Unique human characteristics

  • Logan: When you think about models becoming increasingly intelligent, what do you think will always remain uniquely human?
  • Sam: Many years from now, humans will still care deeply about other humans. I read online where people say everyone will fall in love with ChatGPT, having ChatGPT girlfriends and such, but I bet they won't. I think our long-standing focus on each other, in various big and small ways, will continue to be an obsession for us. I don't think we'll primarily enjoy watching robots play soccer.

Operating OpenAI

  • Logan: In running this company, OpenAI, you drew on a lot of the rules and frameworks that you built at YC about how to run businesses, and you broke some of them. On hiring, would you hire different kinds of people than you would for a traditional internet company or B2B software company?
  • Sam: Researchers are very different from product engineers.
  • Logan: Researchers are unique, but would OpenAI recruit different types of executives?
  • Sam: I generally don't rely entirely on external recruitment for executives; I think it's important to promote from within, but also bring in some senior talent. This is important for what we're doing because what we do is quite different from what other companies do.

Important decision-making

  • Logan: In the process of OpenAI, which decision do you think was the most important?

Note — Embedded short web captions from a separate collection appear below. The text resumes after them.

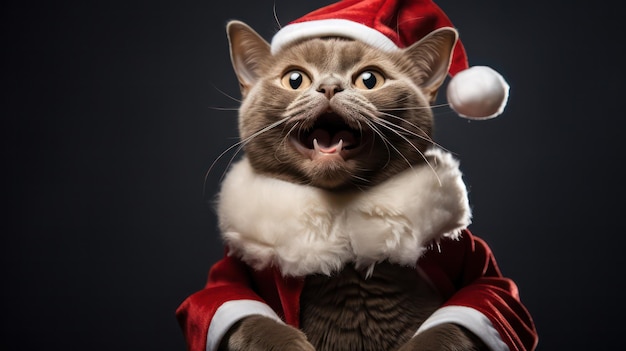 een foto van een schattige vrolijke glimlachende bruine Birmese kat die een Santa Claus kostuum draagt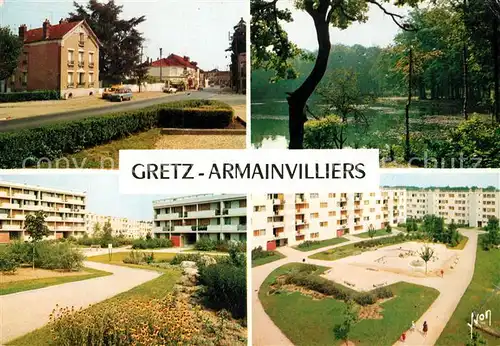 AK / Ansichtskarte Gretz Armainvilliers Rue de Paris Etang Pique Nique Cite du Mesnil Gretz Armainvilliers
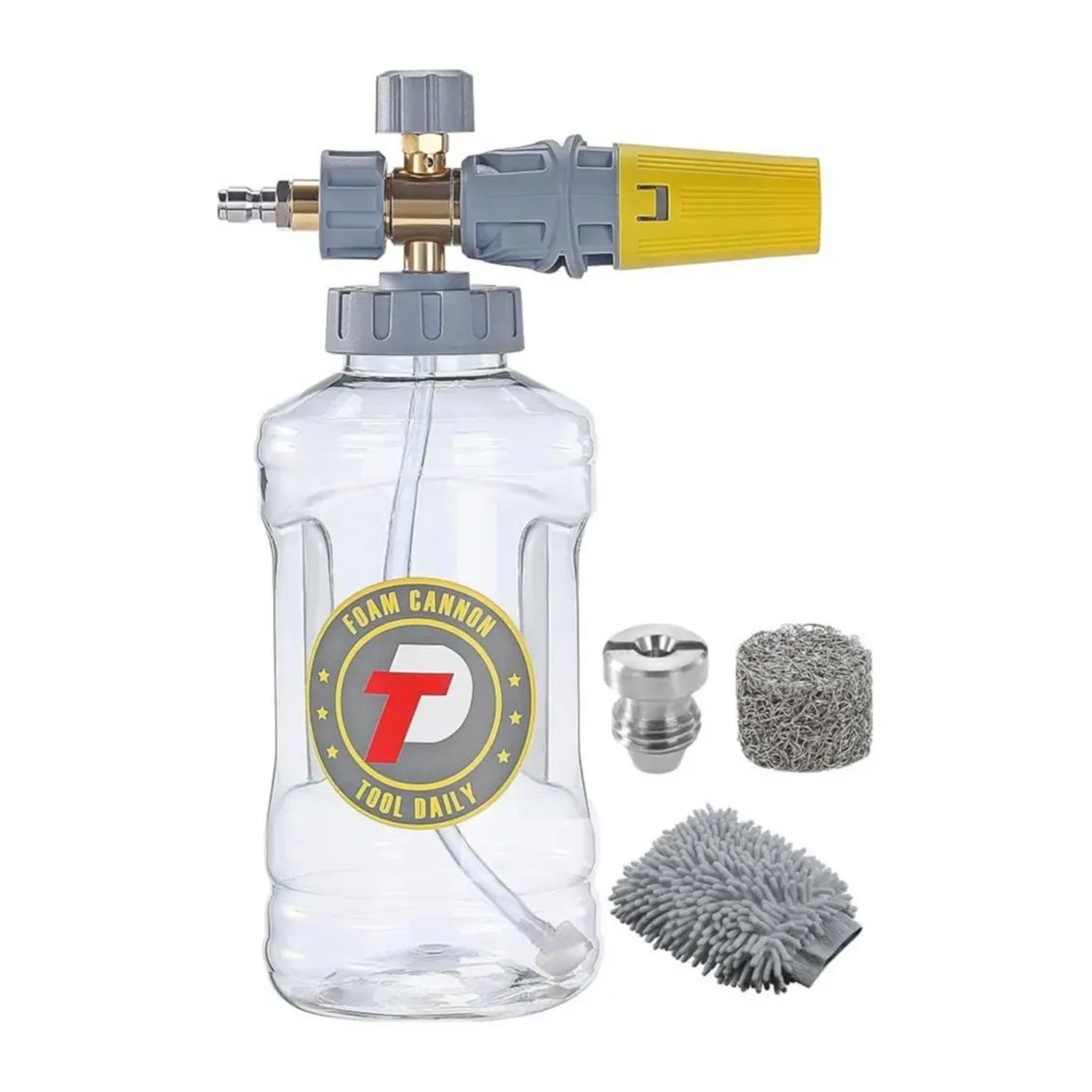 Tool Daily Pressure Washer Foam Cannon Kit, 1.5L Plastic Bottle, 1.1mm Orifice Nozzle, M22/1/4 Inch Quick Connect Kit, Thick Foam, Anti-Leak Neck, Car Detailing for SUVs, Trucks, DealsForYouDays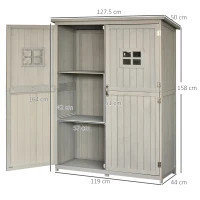 Outsunny Wooden Garden Shed with Two Windows, Tool Storage Cabinet, Outdoor Double Door Organizer 127.5L x 50W x 164H cm, Grey(m-3)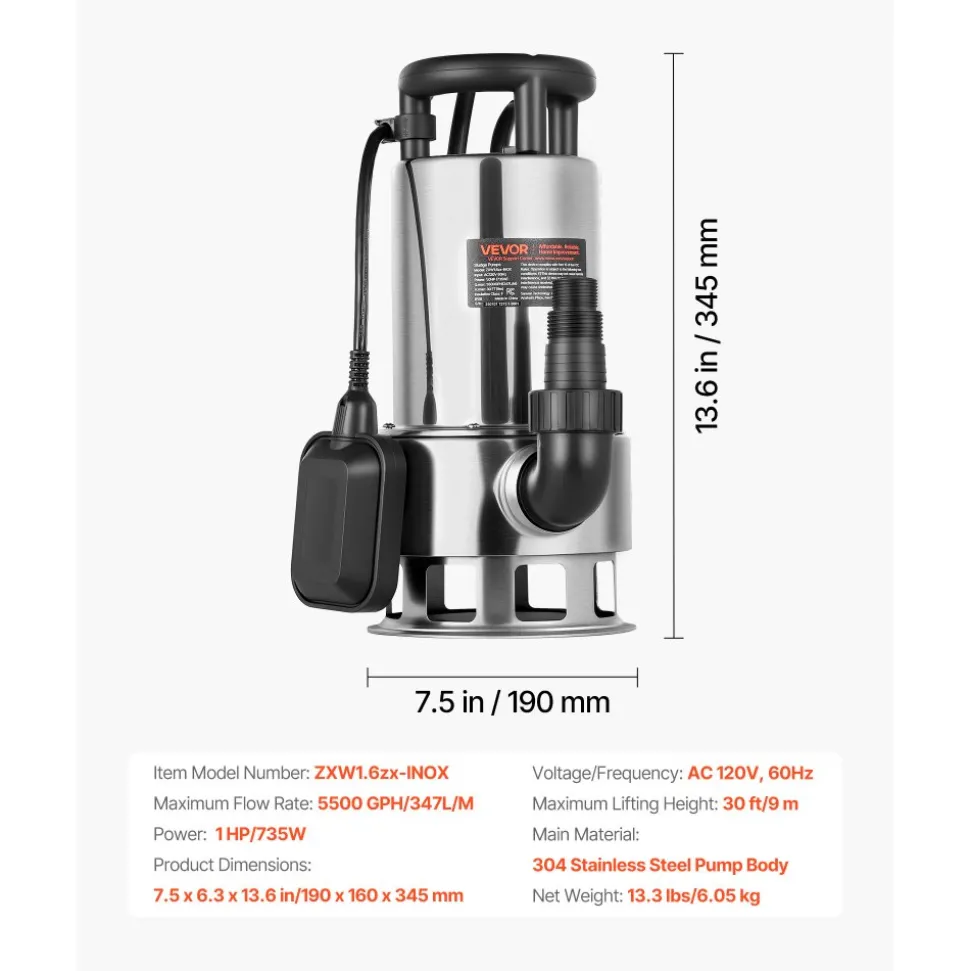 VEVOR 1 HP Submersible Sump Pump, 5500 GPH, Stainless Steel Submersible Sewage Dirty Clean Water Pump with Automatic Float Switch, Long Cord, 30 ft Max Lift, for Pools, Garden, Pond, Flooded Areas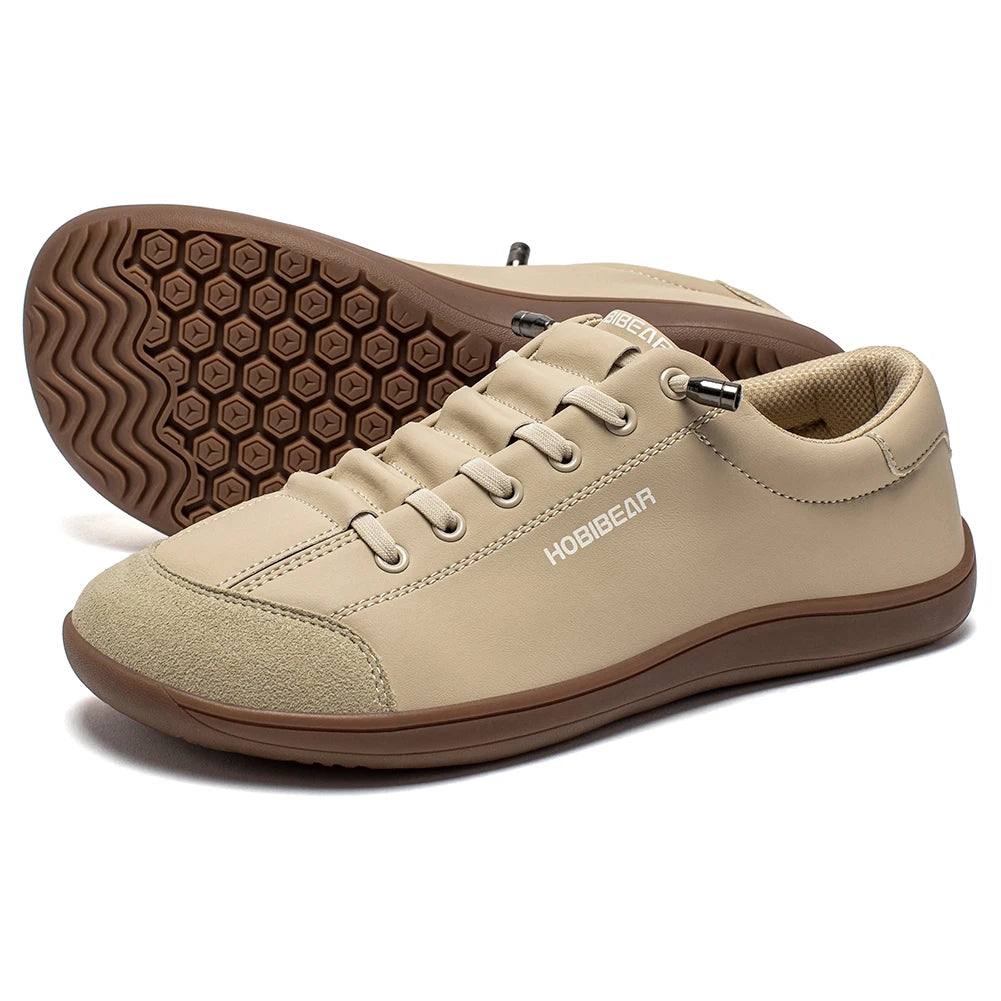 Zapatillas Descalzas Unisex HOBIBEAR, Punta Ancha de Cuero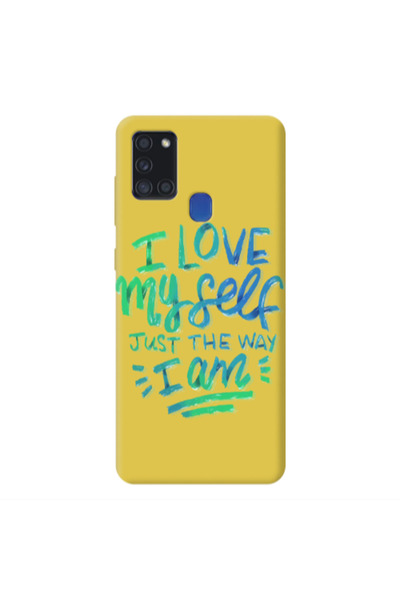 Other Samsung A21S I Love My self Yellow Colored Silicone TPU Θήκη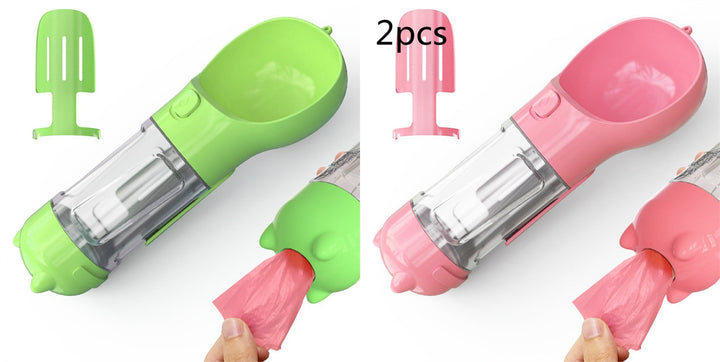 Dog Water Bottle Dispenser with Portable Bowl and Waste Bag Storage for Outdoor Travel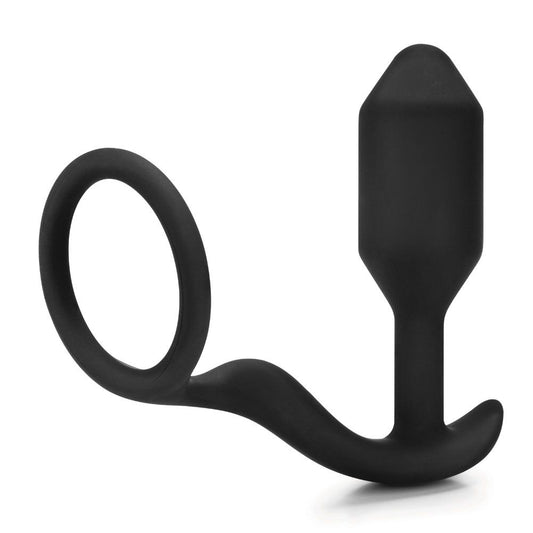 bVibe Snug And Tug Anal Plug And Cock Ring - Peaches & Cream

How did you make that decision?
  • Sam: It's hard to point to just one, but we decided to adopt iterative deployment rather than building AGI in secret and then releasing it all at once, which felt like a very important decision. Another key decision was betting on language models; we decided this would be what we would focus on, which seemed like a big bet at the time, but in hindsight, it seems obvious, though it didn't feel that way back then.
  • Logan: What’s the story behind the decision to bet on language models?
  • Sam: We had other projects, such as robotics and video games, but someone started working on language models, and Ilya was very convinced about this direction. We worked on GPT-1, GPT-2, studied scaling laws, expanded to GPT-3, and then we made a big bet, deciding this would be our main focus.

Two ways to use AI

  • Logan: You recently mentioned two ways to use AI: cloning yourself and cloning your smartest employee. That's a subtle distinction, can you elaborate?
  • Sam: Within the next five years, you might want to clarify whether you're texting me or my AI assistant. If it's the AI assistant, it will consolidate the information and you'll get a response later. If it's me, I'll know that these things are being handled by me personally. I think there's value in separating these; I don't want AI to just be an extension of myself, but an independent entity.
  • Logan: In music or creative fields, it becomes easy to replicate Drake or Taylor Swift's audio. We may need some form of verification to confirm the authenticity of these works.
  • Sam: There does need to be some kind of verification, like at OpenAI, where different people handle different tasks rather than one single entity. Letting AI work as an independent entity rather than an extension of oneself.

Future Education

  • Logan: In terms of the education system, what changes do you think should be made to prepare for the future?
  • Sam: The biggest change is to allow, and even require, people to use these tools. In some cases, we want people to do things the old way to help with understanding, but overall, in real life, you would use a calculator, so you need to understand it and be proficient in its use. If you never use a calculator in math class, you will perform poorly at work. Similarly, we shouldn’t train people not to use AI, because it will become an important part of doing valuable work in the future.

The Shape of the Future

  • Logan: You’ve mentioned that AGI is just a point on the continuum of intelligence, and you believe progress might continue. Do you ever pause to reflect on or imagine what the future might look like?
  • Sam: Often. I don't picture flying cars or Star Wars future cities, but instead I imagine a world where one person can do the work of hundreds or thousands, and where we can figure out all of science. That would be pretty cool.